On Wed, Feb 2, 2022 at 12:44 PM Cyrill Gorcunov <gorcunov@xxxxxxxxx> wrote:
>
> On Wed, Feb 02, 2022 at 10:17:34AM -0500, Jason Andryuk wrote:
> > This usage of RCU appears wrong since the pointer is passed outside the
> > RCU region. However, it is not dereferenced, so it is "okay". Leave a
> > comment for the next reader.
> >
> > Without a reference, these comparisons are racy, but even with their use
> > inside an RCU region, the result could go stale.
> >
> > Signed-off-by: Jason Andryuk <jandryuk@xxxxxxxxx>
> > ---
> > I was looking for examples of task_lookup_fd_rcu()/files_lookup_fd_rcu()
> > and found this. It differed from the example given in
> > Documentation/filesystems/files.rst, so I was initially confused.

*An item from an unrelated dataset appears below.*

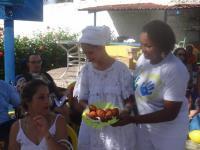 Degustação da nossa culinária!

A
> > comment seemed appropriate to avoid confusion.
> >
> > kernel/kcmp.c | 3 +++
> > 1 file changed, 3 insertions(+)
> >
> > diff --git a/kernel/kcmp.c b/kernel/kcmp.c
> > index 5353edfad8e1..4fb23f242e0f 100644
> > --- a/kernel/kcmp.c
> > +++ b/kernel/kcmp.c
> > @@ -63,6 +63,9 @@ get_file_raw_ptr(struct task_struct *task, unsigned int idx)
> > {
> > struct file *file;
> >
> > + /* This RCU locking is only present to silence warnings. The pointer
> > + * value is only used for comparison and not dereferenced, so it is
> > + * acceptable. */
> > rcu_read_lock();
> > file = task_lookup_fd_rcu(task, idx);
> > rcu_read_unlock();
>
> They are not wrong, this is just such a bit weird semantics where
> we fetch the pointers and strictly speaking map them into numbers
> set to compare. But I agree that such tricks might confuse. How about
>
> /*
> * Fetching file pointers inside RCU read-lock section
> * and reuse them as plain numbers is done in a sake
> * of speed. But make sure never dereference them after.
> */

I would tweak it a little to "Fetch file pointers inside RCU read-lock
section, but skip additional locking for speed. The pointer values
will be used as integers, and must not be dereferenced."

One other idea I had was to switch the return value to "void *". That
way it isn't a struct file, and it isn't readily dereference-able.
But I wasn't sure if that would be overkill. What do you think?